We need to be clear about the nature of the questions before us. They are radical, but they are not necessarily revolutionary (in the sense of requiring our churches simply to ditch existing forms). Put rather blandly, the challenge is to re-formulate the practice and theology of church by drawing together the best of both the past and the present – Jesus’ “old and new” from the storehouse, as St Matthew reminds us.

This is a missionary challenge; mission being, as the post-evangelical Mike Riddell puts it (Threshold of the Future, SPCK 1998), “always a move away from ourselves towards others”. And therefore, I would add, a rediscovery of ourselves.  What we need, I would suggest, is:

· Re-thinking, within our churches and ecumenically – which includes joining the mission and ecclesiology questions which are so often fractured. That question ‘what is it within the tradition that gives it permission to change?’ may be especially important in facing the theological challenges of the present and future without selling short the inheritance of the past. We cannot, pace some forms of contemporary literary practice, give up on hermeneutics without giving up on hope.

· Experimentation, perhaps through the occasional suspension of “usual ways of working” to see how church ways and forms, old and new, can be made to work together in fresh and imaginative ways in a changing world.  [Building Bridges of Hope]

· Creative space, in which to make use of the diversity we experience. Konrad Raiser (Ecumenism in Transition, WCC) is promoting the metaphors of  “the household” and of “ecumenical space” as a way of describing the “regulated pluralism” which might both characterise pilgrim churches crossing the threshold of the future and also provide a way of thinking about the contribution of the churches to a religiously, socially, politically and economically plural society. This way of thinking has tended to be formulated in Protestant terms so far. But if we move from space to time then it rapidly evokes a Catholic ecclesiology, too.

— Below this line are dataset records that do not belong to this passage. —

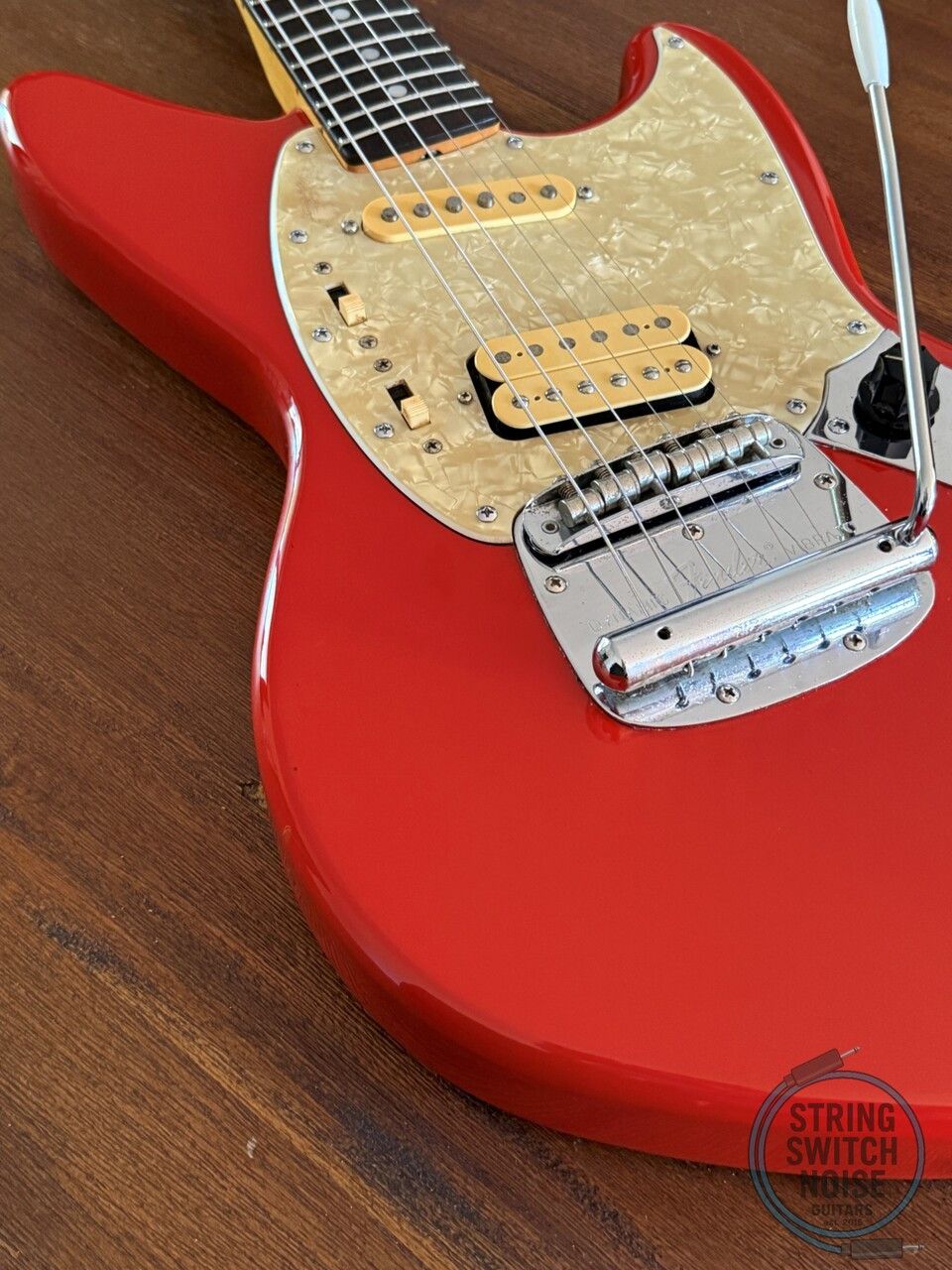 Fender Jagstang, Fiesta Red, 1997, Kurt Cobain (Nirvana) 1st Issue
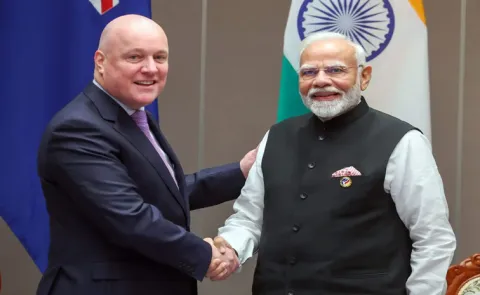 57percent of New Zealand exports to India will be tariff-free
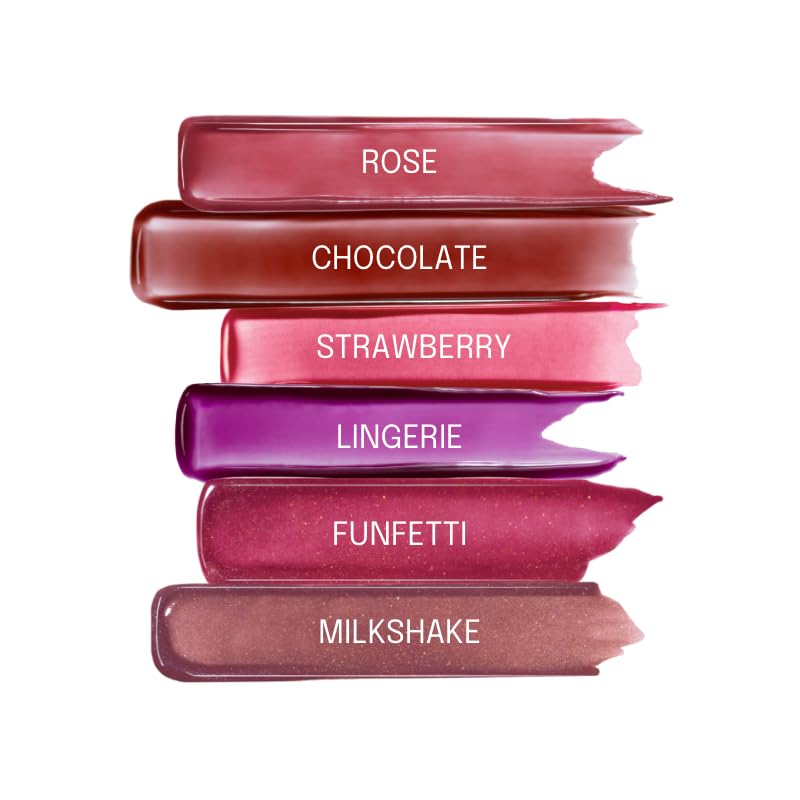 Diam Beauty Love Potion Lip Oil, Lip Gloss for Women - Long Lasting, Glittery, Natural Organic Lip Makeup, Unique Lip Gloss Formula - Funfetti (5ml)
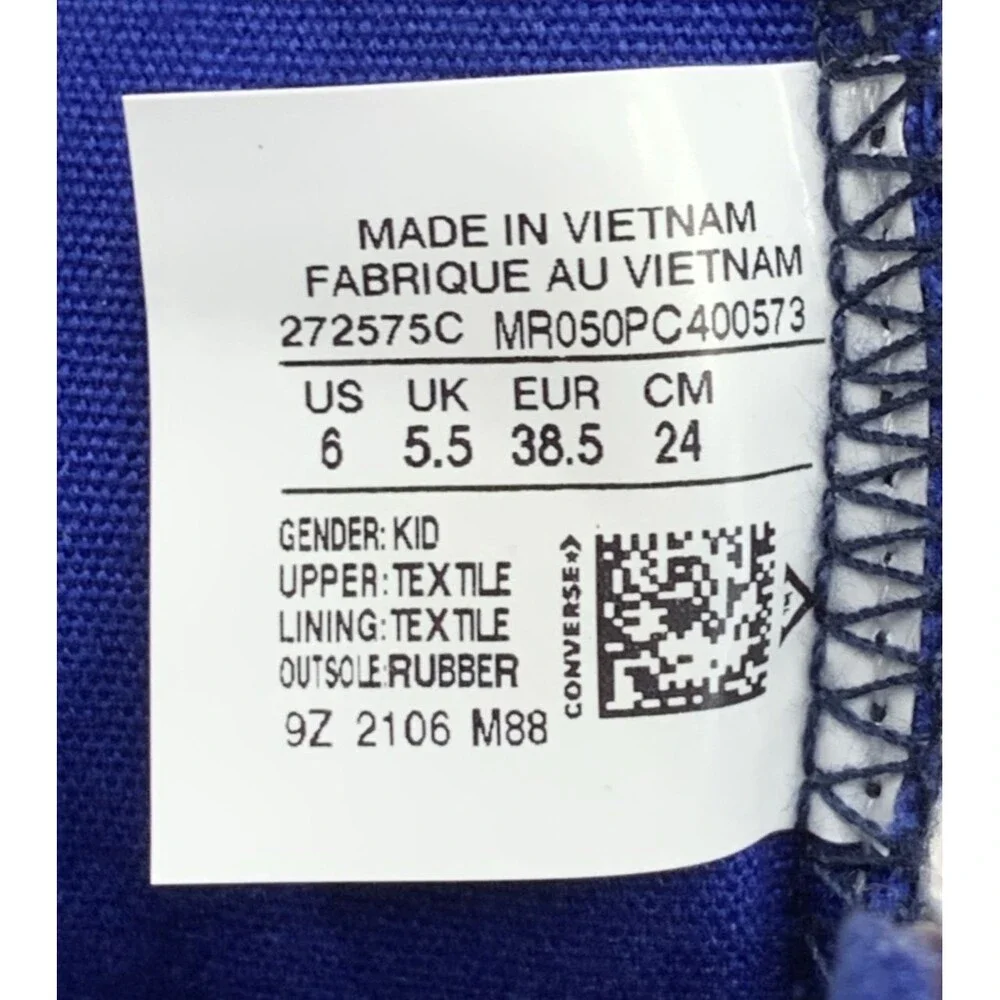 Converse Kids UNT1TL3D Hi Sneakers NOT A CHUCK 272575C University Blue Size 6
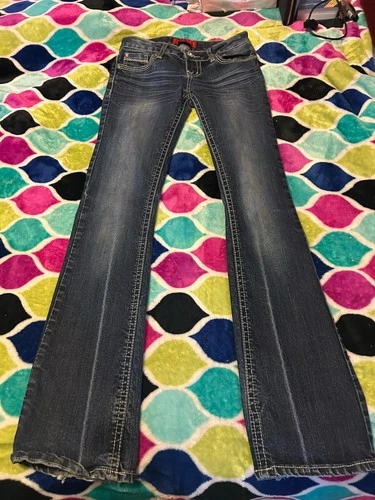 Zana Di Bootcut Women's Jeans Size 5 Dark Wash Embroidered Pockets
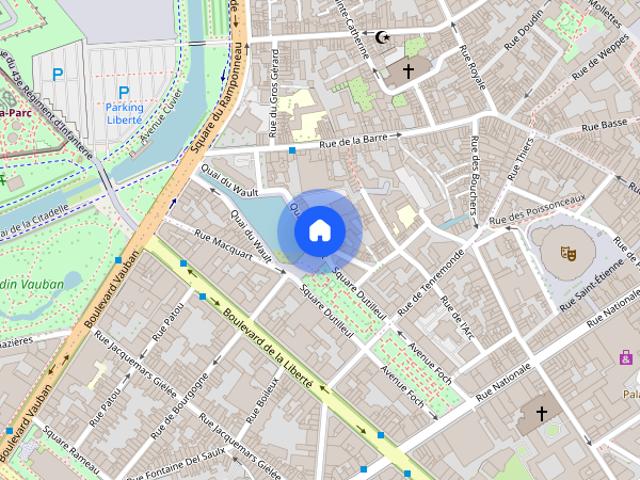 Tout savoir sur cet appartement dans le quartier Vieux Lille, à Lille
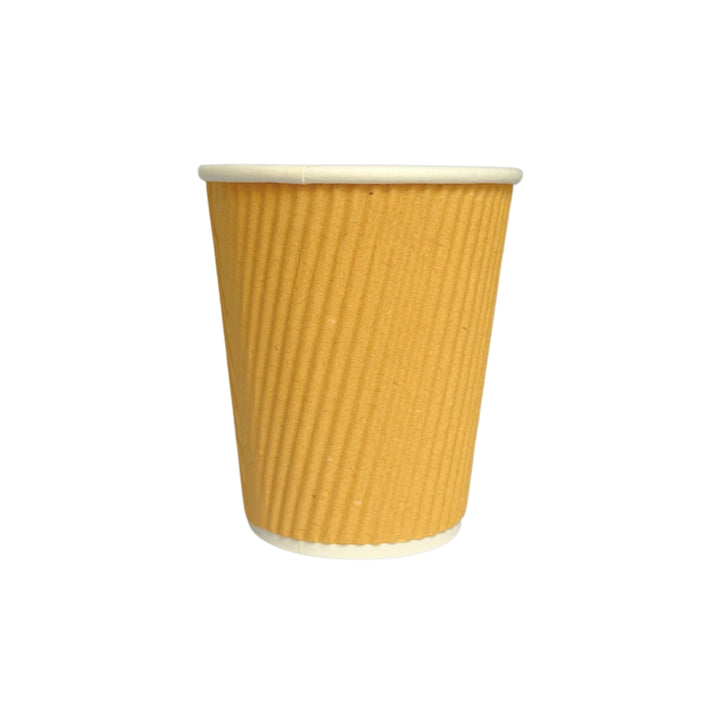 Gobelet Carton Triple Paroi Strié 8 oz / 25 cl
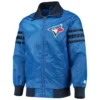 Toronto Blue Jays The Captain II Full-Zip Satin Varsity Royal Jacket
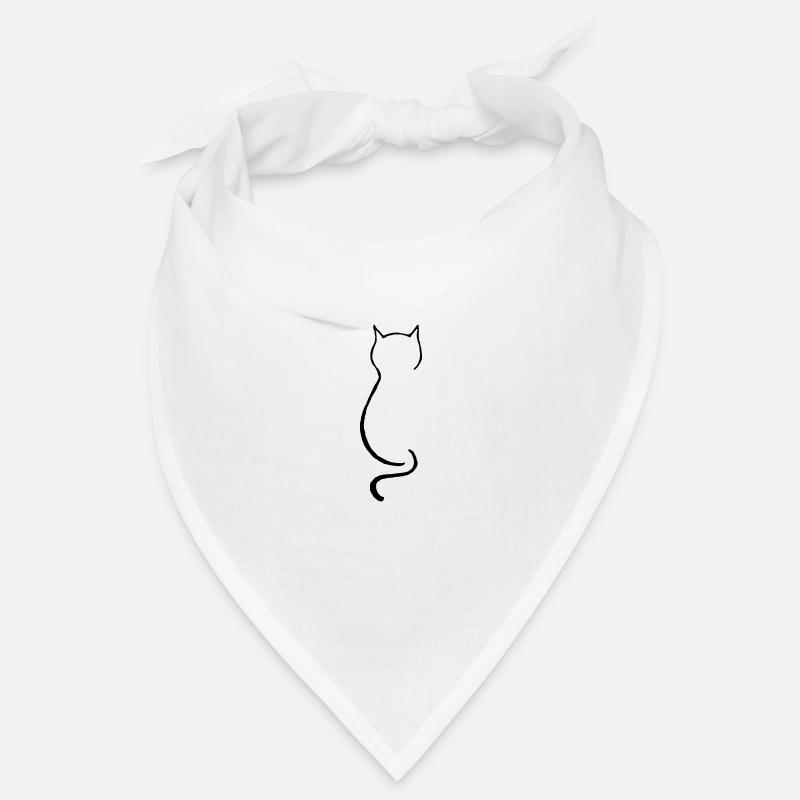 Chat assis Bandana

I have said nothing about Orthodox perspectives in this paper. These largely reject the notion that the church can be ‘renewed’ as a misunderstanding of the nature of the church as given. The issue is faithfulness or not to the given. But Archpriest Vladimir Fedorov (Orthodox Research Institute of Missiology and Ecumenism, St Petersburg) is among those who are challenging Orthodoxy within on, among other things, the kind of questions raised in this paper.